The mustUnderstand attribute appears in both the profile and an actual extension conforming to that profile. Thus there is room for confusion. As the profile defines the extension, if the profile has mustUnderstand set to yes, then the actual extension must also have it set to yes also. (this means that a recipient doesn't need to check the profile when processing a message).

However, it is also possible for the profile to have mustUnderstand=no, and the resource have mustUnderstand=yes (not quite sure of the use case for this would be, but it is permissible).

MustUnderstand worked over after the Atlanta meeting --GrahameGrieve 03:39, 5 June 2013 (UTC)

Context of the extension

GG: this section was based on mis-interpretations of a very misleading profile definition. I restructured the profile definition and clarified the definitions to be clear. This section should be considered as deprecated

The specification mentions a set of contexts of an extension. The spec is just a bit to terse to fully understand what they entail. So, below I have given my interpretation of them, as a candidate for extending the documentation:

In instances, extension elements can be found under the Resource.extensions element and refer to an element in within the same resource. The referenced element can be explicitly identified by the id/idref construction (though that is going to change), but is otherwise determined by the 'path' attribute of an extension definition (see below for details). Logically, this extension becomes a child element of that referenced element.

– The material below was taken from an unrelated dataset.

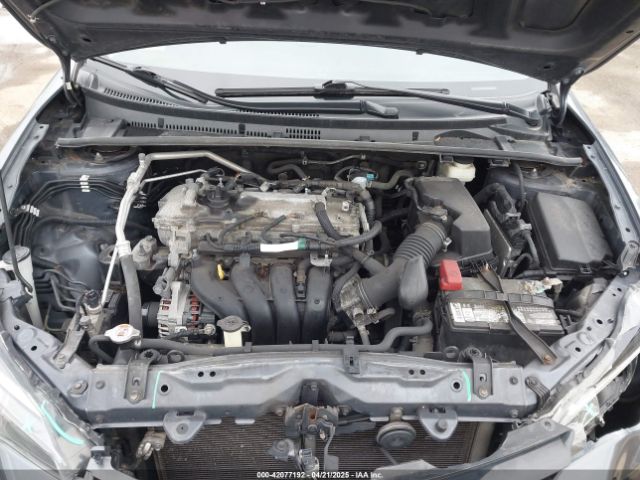 5YFBURHE1JP782236 Toyota COROLLA LE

  1. A particular element in a single resource - When defining the extension, the "code" indicates the resource type to which this extension applies, the "path" is the path to an element within that resource that is extended. id/idref is only necessary when this element has a cardinality > 1, to indicate a specific occurrence of the element to extend.
  2. Anywhere a particular data type is used - When defining the extension, the "code" indicates the composite type to which this extension applies (how?), the "path" is the path to an element within that composite type that is extended. Unless a specific element is referenced using id/idref, all elements within the resource that are of the type that this extension applies to will be extended.
  3. A set of elements across one or more resources - I cannot think of a way to do this unambiguously using code and path. Multiple code/path combi's to indicate specific elements? Just a name and extend any element with that name?
  4. A particular context in one of the mapped reference models - This requires a computable mapping specification and deduction of the context from that mapping. "code and "path" would be used to indicate the context within the mapped model (a RIM class + attribute path?) and any element that has a mapping that specifies values for that indicated context would then be extended. The value of the extension is derived from the value of the attribute indicated in the context? Since these extensions are implicitly "created" by the mapping, extensions of this type are not found within Resource.extensions.
  5. Another extension - When defining the extension, the "code" indicates the extension to extend. "path" is not used. Logically, this extension becomes a child element of the extended extension. Since the extended extension is itself a child of some element in a resource, this extension is a "grand child" of the resource element the extended extension refers to. (are you still there?)

--Lmckenzi 13:42, 29 June 2012 (UTC)

  • I had at one point proposed that resources could identify one or more "groups" that they were part of and that the "code" for context would then just need to identify the group. That would satisfy #3.
  • #4 is going to be messy. The mappings will need to include constraints on things like classCodes, moodCodes, relationships, negation, etc. I don't understand what's meant by "these extensions are implicitly "created" by the mapping. They should behave like any others. You define the extension in a profile, identifying where it can occur. You then declare an instance of the extension as part of an actual instance, identifying where it does occur.